La Terre des pharaons

(Land of the Pharaohs)

L'histoire

De retour victorieux d’une longue campagne de guerre, le Pharaon Chéops impose à son peuple de lui bâtir un tombeau inviolable. Un architecte de la tribu asservie des Kushites, Vashar, accepte de lui construire sa pyramide en échange de la liberté de son peuple. Chéops tombe entre-temps amoureux de Nellifer, princesse de Chypre, qui s’est jurée de lui ravir son trône et le trésor royal.

Analyse et critique

1953 : c’est dans le faste que va s’ouvrir puis se fermer cette année déterminante dans la carrière du producteur réalisateur Howard Hawks. En février, le cinéaste épouse une jeune femme de trente ans sa cadette : Dee Hartford. Il consume sa lune de miel en Europe où il fréquente à Paris Vittorio De Sica, le roi Farouk, une assemblée de courtisans peu scrupuleux et pilote en Italie les derniers modèles de chez Ferrari. 1953 est aussi l’année où il se voit proclamé « auteur » par de « jeunes-turcs » français lui prêtant tout un tas d’interprétations et de motivations farfelues qui allaient poser les années suivantes, et durant encore quelques décennies, bien du fil à retordre à la théorie critique. (1) C’est l’année surtout où il signe avec Jack Warner un contrat inimaginable pour un metteur en scène à cette époque : 100 000 dollars de salaire et cinquante pour cent sur les prochains bénéfices. Mais surtout, il obtient de pouvoir poser son nom au-dessus du titre du film à la forme possessive, exactement comme Hitchcock. Puisque tout lui réussit, puisque le monde le reconnaît, puisque la création est à portée de main, Hawks décide de se lancer dans la construction d’une pyramide. (2)

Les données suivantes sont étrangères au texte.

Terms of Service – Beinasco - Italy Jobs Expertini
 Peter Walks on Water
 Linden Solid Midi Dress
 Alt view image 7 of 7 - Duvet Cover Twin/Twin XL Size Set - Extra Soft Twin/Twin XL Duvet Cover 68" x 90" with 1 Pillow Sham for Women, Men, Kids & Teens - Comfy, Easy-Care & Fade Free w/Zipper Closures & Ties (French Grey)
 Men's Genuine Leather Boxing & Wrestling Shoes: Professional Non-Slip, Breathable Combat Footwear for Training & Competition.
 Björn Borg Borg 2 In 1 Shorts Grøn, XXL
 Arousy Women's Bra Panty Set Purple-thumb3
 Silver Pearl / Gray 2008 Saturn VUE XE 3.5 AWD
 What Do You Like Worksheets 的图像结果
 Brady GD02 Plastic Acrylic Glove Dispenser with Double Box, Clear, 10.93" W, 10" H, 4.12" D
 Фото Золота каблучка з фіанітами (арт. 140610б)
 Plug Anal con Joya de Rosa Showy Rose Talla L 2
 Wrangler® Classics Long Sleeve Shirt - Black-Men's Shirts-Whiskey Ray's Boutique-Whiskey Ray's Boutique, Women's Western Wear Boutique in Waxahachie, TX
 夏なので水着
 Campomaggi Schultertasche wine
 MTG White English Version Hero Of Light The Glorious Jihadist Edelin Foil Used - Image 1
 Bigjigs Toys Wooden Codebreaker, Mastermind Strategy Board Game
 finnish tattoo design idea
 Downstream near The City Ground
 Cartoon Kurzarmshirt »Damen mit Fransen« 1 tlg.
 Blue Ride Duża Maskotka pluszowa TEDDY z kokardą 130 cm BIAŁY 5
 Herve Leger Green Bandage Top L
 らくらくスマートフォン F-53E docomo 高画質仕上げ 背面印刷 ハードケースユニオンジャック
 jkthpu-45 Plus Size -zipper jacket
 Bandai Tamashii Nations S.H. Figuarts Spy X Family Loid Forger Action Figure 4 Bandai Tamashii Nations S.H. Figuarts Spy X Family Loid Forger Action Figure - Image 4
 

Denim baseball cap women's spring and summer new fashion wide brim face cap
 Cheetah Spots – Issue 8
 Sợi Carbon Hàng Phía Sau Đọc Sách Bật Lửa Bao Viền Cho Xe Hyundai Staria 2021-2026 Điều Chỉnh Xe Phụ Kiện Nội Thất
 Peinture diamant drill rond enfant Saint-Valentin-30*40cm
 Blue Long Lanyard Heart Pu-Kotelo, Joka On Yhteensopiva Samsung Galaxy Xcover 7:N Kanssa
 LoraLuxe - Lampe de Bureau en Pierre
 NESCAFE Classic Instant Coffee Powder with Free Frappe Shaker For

En 1953, Hawks se porte bien mieux que l’industrie cinématographique en partie menacée par la télévision. Les studios investissent dans de somptueuses épopées bibliques et antiques, où seul le grand écran peut encore s'imposer. C’est l’année où Curtiz réalise The Egyptian tandis que Robert Wise s’atèle à son Hélène de Troie et que Cecil B de Mille commence la préparation des Dix Commandements. Avec La Tunique, dont Richard Burton est la vedette, Hollywood vient d’inaugurer l’ère du Cinémascope en vue de reconquérir le public des salles obscures du monde entier. Hawks a bien l’intention de participer à cette lente remise en selle d’Hollywood. Bien qu'il se soit déjà essayé à tous les genres, il n'a encore jamais mis la main à la patte d'un péplum. Il désire battre De Mille sur son propre terrain, concurrencer les Soviétiques quant à l’élaboration de gigantesques mouvements de foule. Dans un entretien accordé aux Cahiers du Cinéma, il avoue vouloir réaliser ce film pour s’essayer au Cinémascope. Jack Warner est persuadé d’obtenir en quelques semaines un succès considérable en conjuguant la combinaison du genre Antique en Cinémascope avec le nom et l’expérience de Hawks.

Warner se montre intéressé par une idée de Hawks : l’obsession d’un pharaon à voir se réaliser la première pyramide. Il offre immédiatement une avance au cinéaste qui espère obtenir la collaboration de Ben Hecht. (3) En vain, le cinéaste échoue et c’est bientôt son vieux complice William Faulkner qui lui vient à la rescousse. Faulkner, malgré son Prix Nobel, éprouve toujours de graves difficultés financières et ne rechigne pas à être payé 15 000 dollars sur un nouveau script. Malgré sa participation, son nom crédité au générique, Faulkner n’écrira presque rien, se désintéressant très vite du sujet. Noël Howard, directeur de la seconde équipe, rapportera dans ses mémoires du tournage, l’hilarant Hollywood sur le Nil, qu’Harry Kurnitz co-scénariste vint un jour le trouver et, lui présentant une page presque blanche, déclara hilare : « Au bout de quatre mois, voici la première, la seule contribution de Faulkner au scénario. » Quand on demanda à Hawks quel fut l’apport du grand écrivain à l’élaboration de La Terre des Pharaons, il aurait affirmé: « Mr Faulkner est ici pour m’aider à boire mon thé tous les jours à 17 heures. » Le cinéaste n’est pas au bout de ses surprises. Au cours du tournage en Egypte, il devra affronter de multiples épreuves pour pouvoir mener à bien son entreprise sans cesse menacée par des intempéries, des débordements politiques, des caprices de stars. (4) Persuadé de devoir faire bonne figure devant Jack Warner, qui connaît la lenteur du cinéaste et redoute (à raison) un dépassement de budget (5), Hawks tourne immédiatement les séquences les plus spectaculaires et les envoie au nabab qui se montre rassuré et même enthousiaste.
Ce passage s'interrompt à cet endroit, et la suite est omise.